### [EXERCISE MATERIAL]
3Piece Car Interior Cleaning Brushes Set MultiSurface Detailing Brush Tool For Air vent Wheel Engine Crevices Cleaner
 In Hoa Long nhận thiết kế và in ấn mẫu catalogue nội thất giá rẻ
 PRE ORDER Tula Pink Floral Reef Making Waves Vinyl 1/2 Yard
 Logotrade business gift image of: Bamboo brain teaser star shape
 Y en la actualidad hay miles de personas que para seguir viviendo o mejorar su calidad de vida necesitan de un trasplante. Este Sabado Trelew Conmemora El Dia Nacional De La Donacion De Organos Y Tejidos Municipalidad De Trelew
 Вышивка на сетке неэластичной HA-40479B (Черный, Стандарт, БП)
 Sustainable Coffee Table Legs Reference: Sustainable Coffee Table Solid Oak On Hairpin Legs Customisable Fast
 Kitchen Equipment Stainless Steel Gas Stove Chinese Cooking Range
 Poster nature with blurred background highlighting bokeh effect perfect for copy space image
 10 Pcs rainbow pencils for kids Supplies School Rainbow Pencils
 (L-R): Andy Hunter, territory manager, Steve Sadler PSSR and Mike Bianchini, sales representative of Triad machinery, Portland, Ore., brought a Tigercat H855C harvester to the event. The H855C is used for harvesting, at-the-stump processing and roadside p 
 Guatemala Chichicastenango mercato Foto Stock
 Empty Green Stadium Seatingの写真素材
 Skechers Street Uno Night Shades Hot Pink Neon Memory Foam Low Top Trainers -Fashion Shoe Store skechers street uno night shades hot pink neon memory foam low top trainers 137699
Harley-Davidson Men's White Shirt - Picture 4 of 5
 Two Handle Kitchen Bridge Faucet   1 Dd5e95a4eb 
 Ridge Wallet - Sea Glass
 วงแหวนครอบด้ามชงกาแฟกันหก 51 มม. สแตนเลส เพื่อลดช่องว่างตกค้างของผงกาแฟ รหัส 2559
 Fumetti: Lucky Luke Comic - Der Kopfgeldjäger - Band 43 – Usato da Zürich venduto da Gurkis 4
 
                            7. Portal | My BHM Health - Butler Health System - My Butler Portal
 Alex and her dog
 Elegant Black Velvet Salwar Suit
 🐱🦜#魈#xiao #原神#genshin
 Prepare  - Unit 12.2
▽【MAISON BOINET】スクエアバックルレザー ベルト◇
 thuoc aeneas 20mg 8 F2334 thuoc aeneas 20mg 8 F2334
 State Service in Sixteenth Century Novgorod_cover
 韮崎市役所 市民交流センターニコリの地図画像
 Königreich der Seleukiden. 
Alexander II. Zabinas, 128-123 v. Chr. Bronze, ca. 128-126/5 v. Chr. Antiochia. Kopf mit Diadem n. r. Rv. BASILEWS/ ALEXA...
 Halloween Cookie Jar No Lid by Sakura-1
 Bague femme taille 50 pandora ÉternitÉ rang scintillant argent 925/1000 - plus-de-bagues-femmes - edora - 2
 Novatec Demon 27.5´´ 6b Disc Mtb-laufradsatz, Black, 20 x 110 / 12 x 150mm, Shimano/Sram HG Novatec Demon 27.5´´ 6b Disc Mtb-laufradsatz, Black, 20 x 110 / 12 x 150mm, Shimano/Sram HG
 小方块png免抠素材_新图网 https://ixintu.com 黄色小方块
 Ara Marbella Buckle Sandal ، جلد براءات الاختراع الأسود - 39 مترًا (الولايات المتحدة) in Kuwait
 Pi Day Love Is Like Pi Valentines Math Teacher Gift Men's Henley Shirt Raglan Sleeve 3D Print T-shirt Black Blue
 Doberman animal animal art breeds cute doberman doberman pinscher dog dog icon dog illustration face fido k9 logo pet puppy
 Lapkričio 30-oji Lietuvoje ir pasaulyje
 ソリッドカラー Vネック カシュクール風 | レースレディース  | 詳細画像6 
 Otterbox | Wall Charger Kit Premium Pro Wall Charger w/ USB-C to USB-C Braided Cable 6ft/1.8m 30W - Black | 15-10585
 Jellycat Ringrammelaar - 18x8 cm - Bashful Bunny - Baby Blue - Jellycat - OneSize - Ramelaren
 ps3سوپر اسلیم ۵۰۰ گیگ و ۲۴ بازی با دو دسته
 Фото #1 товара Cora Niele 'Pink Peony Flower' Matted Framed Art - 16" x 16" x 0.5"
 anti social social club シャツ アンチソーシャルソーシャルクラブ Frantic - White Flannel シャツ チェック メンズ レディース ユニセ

### [TASK DIRECTIONS]
From the entries above, return exactly the line containing "Königreich der Seleukiden.", the line containing "Pi Day Love", and all lines between, and nothing else.

### [WRITTEN REPLY]
 Königreich der Seleukiden. 
Alexander II. Zabinas, 128-123 v. Chr. Bronze, ca. 128-126/5 v. Chr. Antiochia. Kopf mit Diadem n. r. Rv. BASILEWS/ ALEXA...
 Halloween Cookie Jar No Lid by Sakura-1
 Bague femme taille 50 pandora ÉternitÉ rang scintillant argent 925/1000 - plus-de-bagues-femmes - edora - 2
 Novatec Demon 27.5´´ 6b Disc Mtb-laufradsatz, Black, 20 x 110 / 12 x 150mm, Shimano/Sram HG Novatec Demon 27.5´´ 6b Disc Mtb-laufradsatz, Black, 20 x 110 / 12 x 150mm, Shimano/Sram HG
 小方块png免抠素材_新图网 https://ixintu.com 黄色小方块
 Ara Marbella Buckle Sandal ، جلد براءات الاختراع الأسود - 39 مترًا (الولايات المتحدة) in Kuwait
 Pi Day Love Is Like Pi Valentines Math Teacher Gift Men's Henley Shirt Raglan Sleeve 3D Print T-shirt Black Blue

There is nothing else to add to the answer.